Lubię ciasto drożdżowe i wszelkie wariacje na jego temat - czy na słodko, czy jako spód pizzy czy zawijańce z jakimś wytrawnym farszem. Dziś cebularze.
Ciasto drożdżowe robię na oko, szczególnie z ilością mąki.
Szklankę mleka podgrzewam na ogniu, 1/3 wlewam do miski, dosypuję 2 opakowania drożdży instant Oetkera, trochę mąki i cukru i odstawiam do wyrośnięcia zaczynu.
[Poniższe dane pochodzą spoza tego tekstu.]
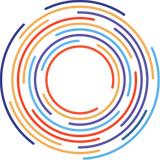 Creative Circuit - Ski & Snowboard Shops in Melbourne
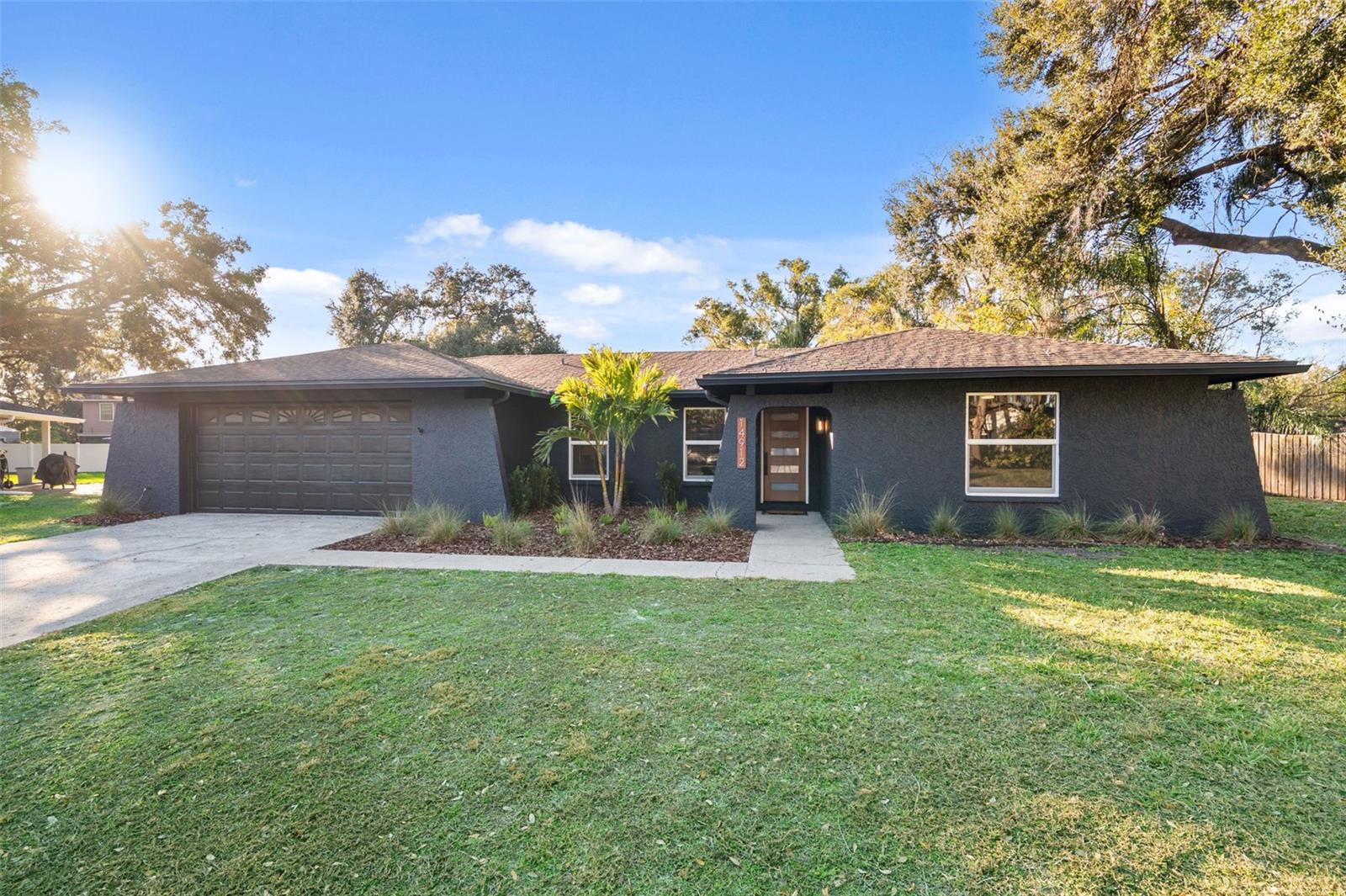 Image 2 of 58 For 14912 Wedgewood Place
Gdy zaczyn jest gotowy wlewam resztę mleka, mieszam, dodaję ciut soli i mąki tyle by powstało dość gęste ciasto. Mieszam dokładnie łyżką wciąż jeszcze. Na dłoń zwiniętą w garść nalewam oleju i przechodzę do ręcznego wyrabiania ciasta, w razie potrzeby dodając mąkę. Ciasto odstawiam do wyrośnięcia.
W międzyczasie przygotowuję farsz: 10 średnich cebulek obieram, kroję w talarki i przesmażam na oleju razem z 3-4 ząbkami czosnku. Doprawiam tylko solą i świeżo startym pieprzem.
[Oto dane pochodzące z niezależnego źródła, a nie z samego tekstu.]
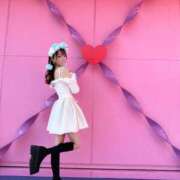 ヒメ日記 2026/02/21 19:43 投稿 かのん ムーランルージュ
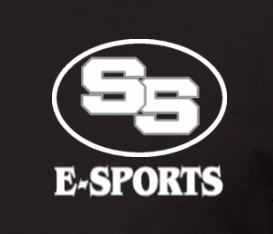 E-Sport Logo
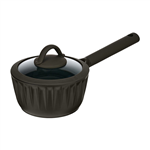 RESTO ASCELLA SAUCEPAN D16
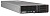 Сервер H3C UniServer B5700 G5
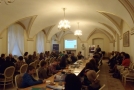 Konkurs EKOfan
Wyrośnięte przekładam na stolnicę.
Ciasto rozwałkowuję, wycinam większym kubkiem koła, odstawiam do wyrośnięcia. Nakładam farsz i zapiekam ok 15 minut w 200 C w termoobiegu.
Jednak dziś zrobiłabym poprawkę. Najpierw przez 10 minut zapiekałabym same spody, po czym jeszcze 5 minut z cebulą, gdyż sposób który zastosowałam - czyli wszystko na raz, zawiódł mnie - cebulka się miejscami przypiekła.
Do cebularzy przygotowałam barszcz z pieczonych buraków i sos czosnkowy na bazie słodkiej śmietanki i serka pomidorowo - paprykowego, oczywiście ze świeżym czosnkiem.